A Nível de Myself

sábado, outubro 16

Eu te amo, sabia?

Noite estrelada de verão, centro da cidade, prédios, luzes, carros passando na rua movimentada, estilo Times Square, e esse casal conversando numa mesinha do lado fora de um dos bares.
Ele: Eu te amo, sabia?
Ela: Eu também...
Ele faz silêncio e ela faz cara de quem não está acreditando.
- Só?? Cadê a intensidade, a paixão, aquela "coisa" que a gente tinha até um tempinho atrás? Sabe, às vezes eu desconfio que você nem me ama mais... Pelo menos não como antes.
Ele faz silêncio por uns segundos, olha para a mesa, respira um pouco mais forte do que o normal, volta a olhar pra ela e diz.
- Sabe, amor... Eu ainda te amo sim, exatamente como sempre, mas a gente já tá nisso há tanto tempo e eu já não tenho mais criatividade pra mostrar isso das maneiras como eu fazia antes.
- Mas quem precisa de criatividade quando se trata de amor?? É só dizer com mais emoção, sem essa cara de "disse isso porque isso é o que eu tinha que dizer"! Você não me entende?? Eu quero me SENTIR amada de novo!! Quero sentir que você é o mesmo cara que um dia olhou pra mim e viu a mulher da vida dele!
- Sabe, amor...
- Resposta errada! - ela o interrompe - Já é a segunda frase seguida que você começa com "Mas, amor..."! Agora é minha vez: sabe, amor... tchau!
Enquanto ela levanta, pega a bolsa que estava pendurada na cadeira e sai, dando as costas para ele, tudo que eu consegue fazer é olhar, com espanto. Claro, ele nunca pensou que ela pudesse fazer isso, apesar d'ela já ter ameaçado atitudes assim antes.
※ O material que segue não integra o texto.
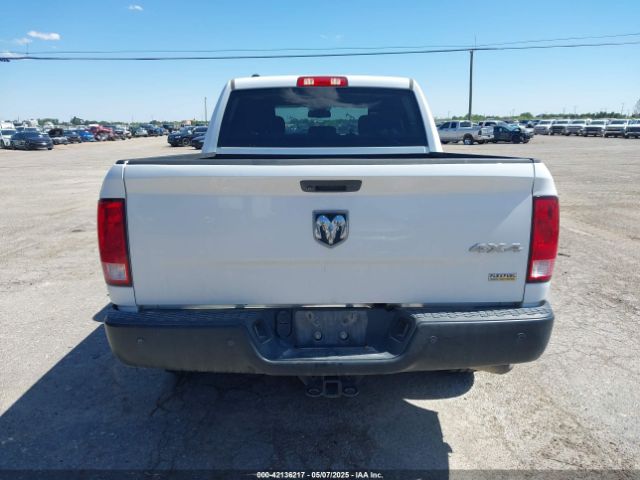 1C6RR7KG6KS580742 RAM 1500 Classic Tradesman  4x4 5'7 Box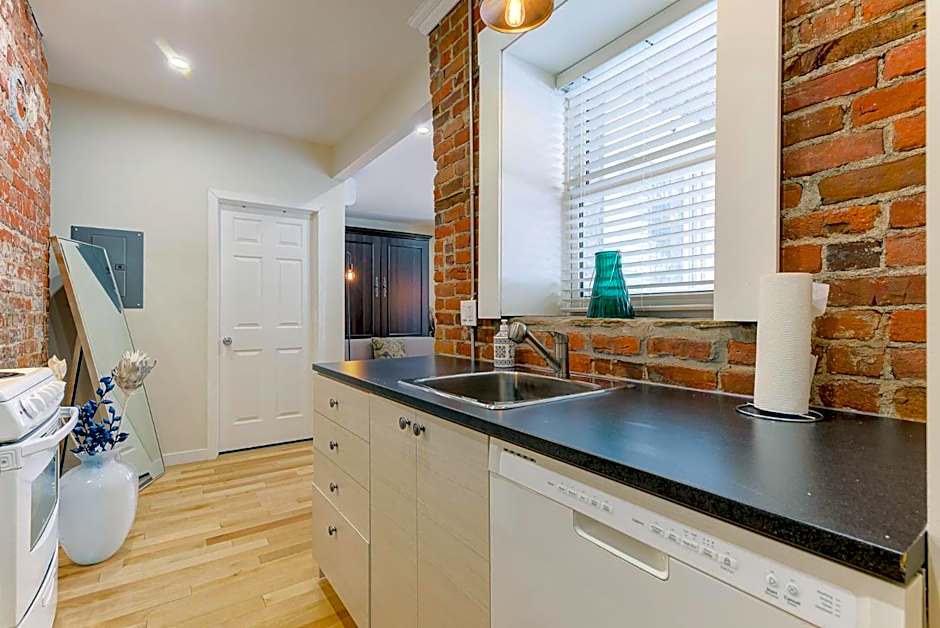 Le 555 Hébergements touristiques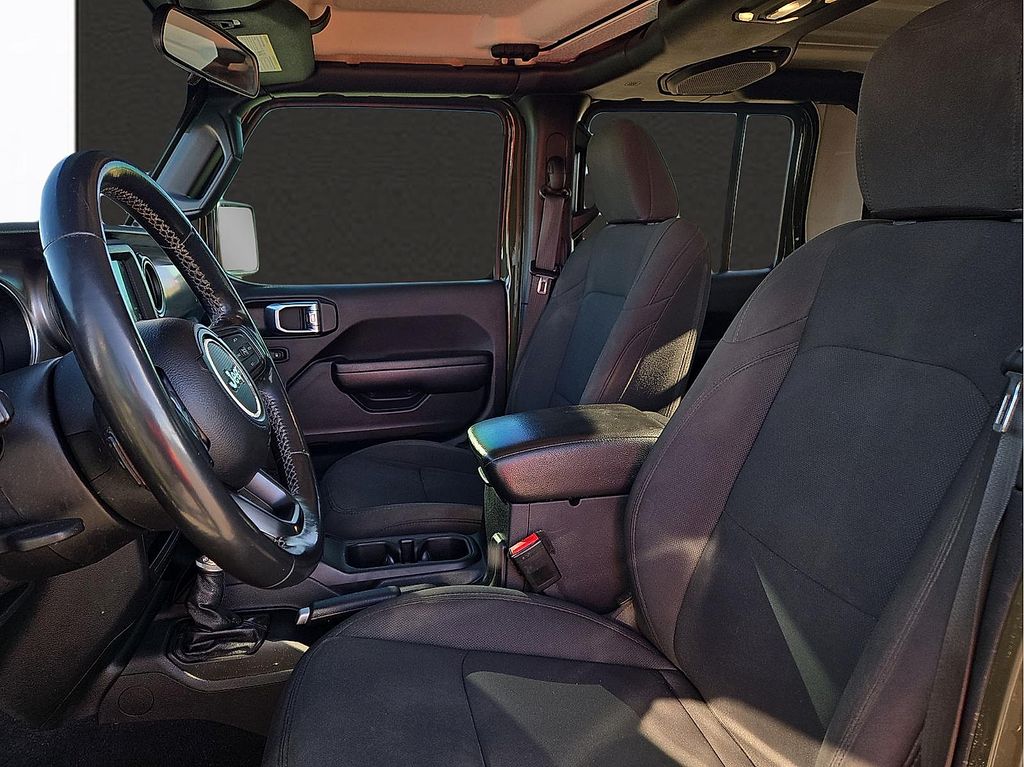 Used 2021 Jeep Gladiator For Sale in Farmington, AR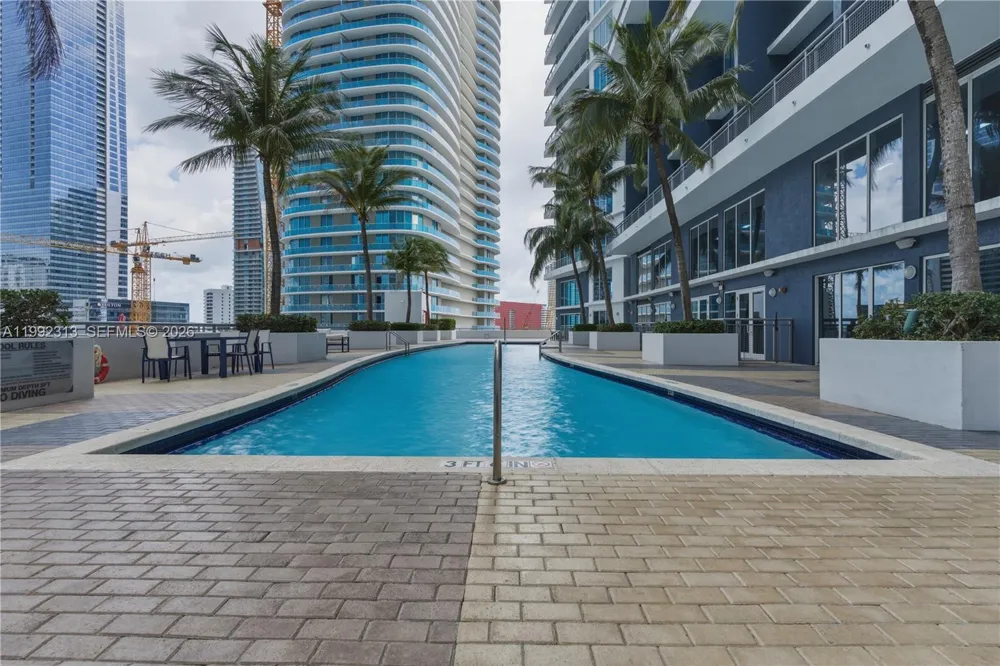 60 SW 13th St #2805 Miami, FL 33130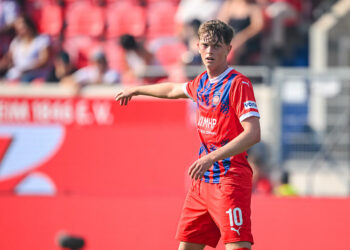 Fußball: Bundesliga, 1. FC Heidenheim - FC Augsburg, 2. Spieltag, Voith-Arena. Heidenheims Paul Wanner gestikuliert.   - Photo by Icon Sport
E o pior era que, agora, dado o tom de voz propositadamente alto que ela usou na sua última frase, todos os das muitas mesas vizinhas olhavam para ele, esperando uma atitude, uma reação.
Ela já estava a dez passos de distância, e as pessoas olhavam para ele com "anda, paspalho!" escrito nas suas testas.
Ela já estava a vinte passos, e as pessoas mudaram a frase das suas testas para "não acredito que esse cara é tão idiota!"
A trinta passos de distância, algumas pessoas já desistiam de esperar alguma coisa dele, e, as que ainda o olhavam, não tinham mais do que reticências em suas expressões.
Ele pega o celular, aperta alguns botões e, antes que ela esteja a cinquenta passos de distância, uma pick-up para ao lado dela, com um grande placar luminoso escrito "Eu te amo, sabia?". Ela olha sem entender, vira-se para seguir o seu caminho e vê um outro painel luminoso, dessa vez na fachada de um prédio. Antes lia-se "Nokia", agora, "Eu te amo, sabia?"
E, de uma hora para outra, todos os painés luminosos da rua mostravam a mesma frase.
Ela está completamente desnorteada. Via, mas não podia acreditar. Então ela percebe que as pessoas que passam vestem camisetas brancas com a frase "Eu te amo, sabia?" escrita em vermelho. Ela vira-se em todas as direções para conferir se todos as vestiam e, sim, todos as vestiam. Enquanto fica atônita, virando-se para todos os lados, sente duas mãos segurarem firme os seus dois braços junto ao corpo. Levanta os olhos e o vê. Ele, o abandonado da mesinha do bar. Que olha para ela, que não tem forças nem para saber o que está acontecendo, que dirá para impedir qualquer coisa e lhe dá o beijo mais apaixonado que qualquer um ali já tenha visto (isso é perceptível pelas expressões das pessoas ao redor). Ao fim do beijo, ele olha para ela e diz, com a voz mais doce e apaixonada do mundo:
- Eu te amo, sabia?
Ela o beija e o abraça muito forte, chorando apaixonadamente, enquanto os painéis eletrônicos mudam suas frases para desenhos de coraçõezinhos e fogos de artifício voam pelo céu, formando desenhos de corações.
- Corta! Ficou perfeito, pessoal! Até amanhã! - grita o diretor, e logo todos estão se despedindo e indo para as suas casas, depois de uma cena muito bem filmada.
No meio disso tudo, um jovem figurante está escorado numa parede, pensando na sua amada, com uma lágrima prestes a cair:
- É... Seria ótimo se na vida real fosse fácil assim.